* [TASK ITEM] The entries below should be quoted exactly, with no pictures carried over.

* [GIVEN ENTRIES]
-- -- --

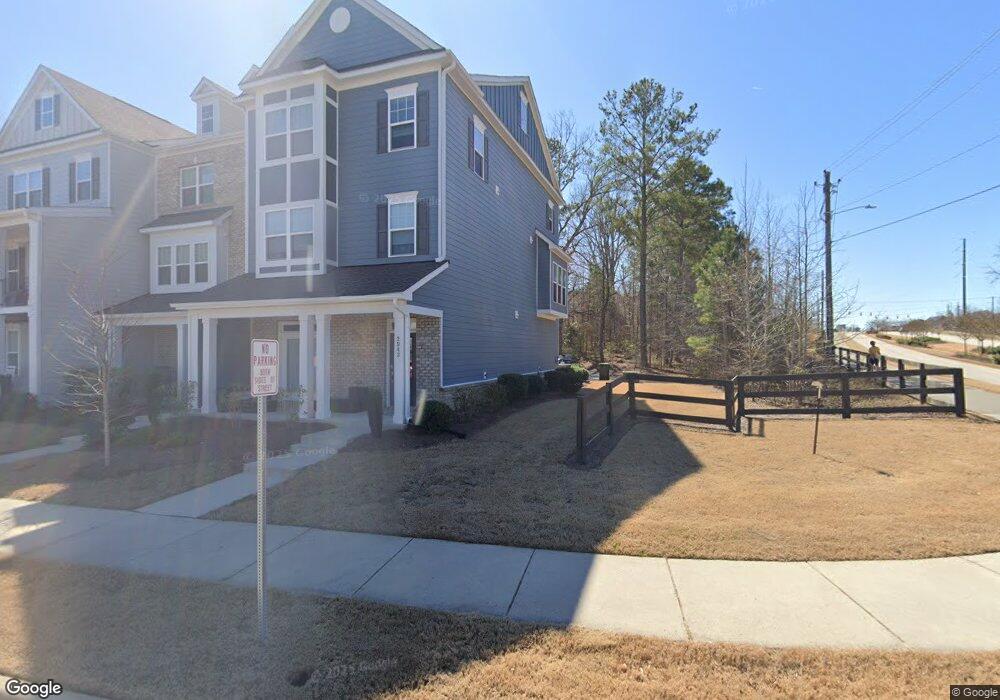 2943 Great Lawn Rd unit 59 - Sandberg, Apex, NC 27502 - photo 1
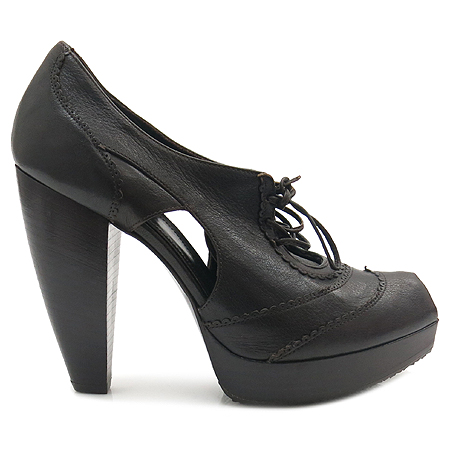 Fendi(���) ���� ���� ������ ������ ���� ���� �̹���3 - ���̺��� �߰���ǰ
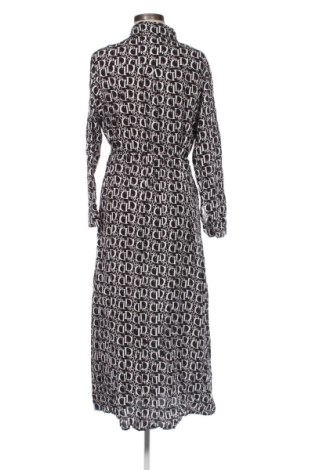 Ruha Unbranded, Méret L, Szín Sokszínű, Ár 6 219 Ft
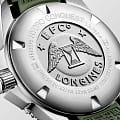 Longines L37824069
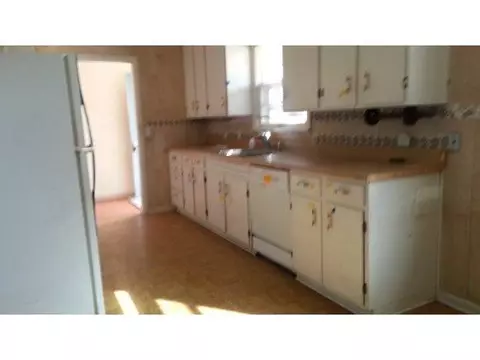 2115 Lee Dr, Altus, OK 73521 photo 5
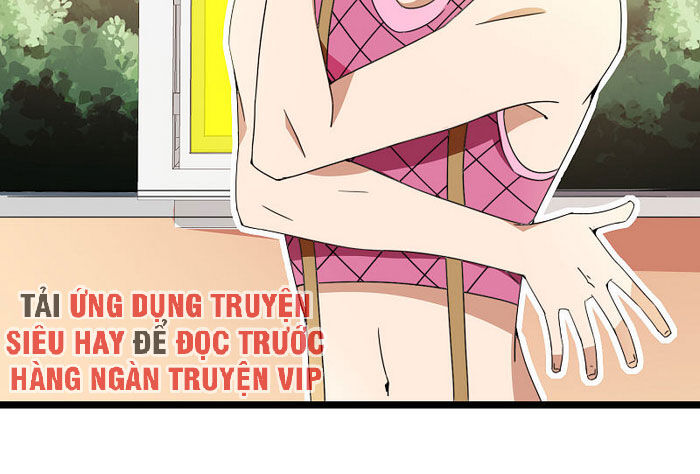 Từ Hôm Nay Bắt Đầu Làm Người Giàu Nhất Chapter 151 - Trang 2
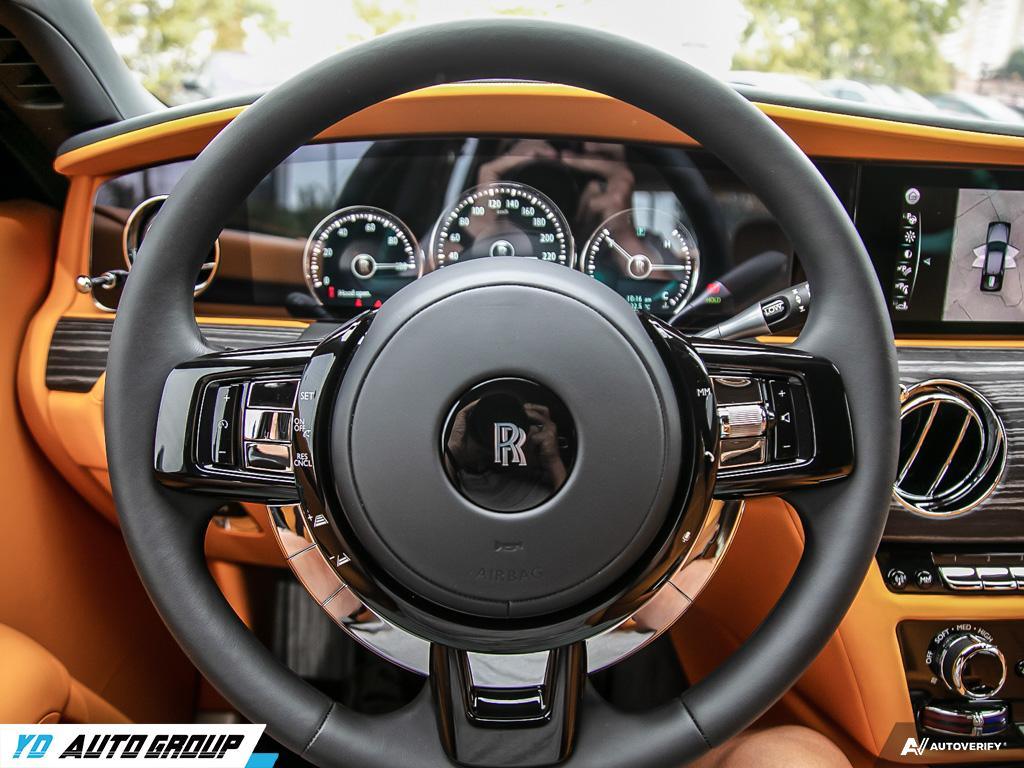 /ydautosalesinc/2022-Rolls-Royce-Ghost-22303481815680892.jpg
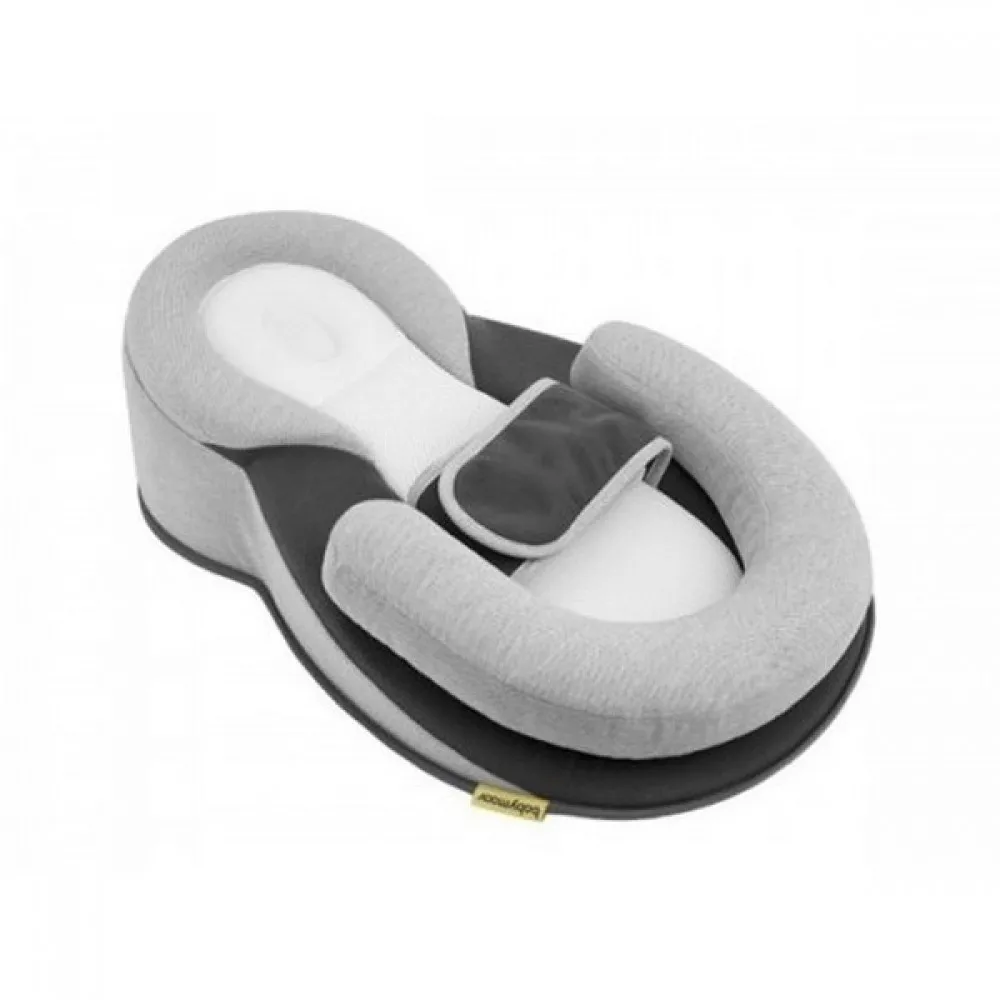 https://www.roshko.bg/media/catalog/product/cache/1/image/9df78eab33525d08d6e5fb8d27136e95/1/5/BABYMOOV Cosydream Plus (+) Бебешка възглавница.webp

-- -- --

* [TASK SOLUTION]
 2943 Great Lawn Rd unit 59 - Sandberg, Apex, NC 27502 - photo 1
 Fendi(���) ���� ���� ������ ������ ���� ���� �̹���3 - ���̺��� �߰���ǰ
 Ruha Unbranded, Méret L, Szín Sokszínű, Ár 6 219 Ft
 Longines L37824069
 2115 Lee Dr, Altus, OK 73521 photo 5
 Từ Hôm Nay Bắt Đầu Làm Người Giàu Nhất Chapter 151 - Trang 2
 /ydautosalesinc/2022-Rolls-Royce-Ghost-22303481815680892.jpg
 https://www.roshko.bg/media/catalog/product/cache/1/image/9df78eab33525d08d6e5fb8d27136e95/1/5/BABYMOOV Cosydream Plus (+) Бебешка възглавница.webp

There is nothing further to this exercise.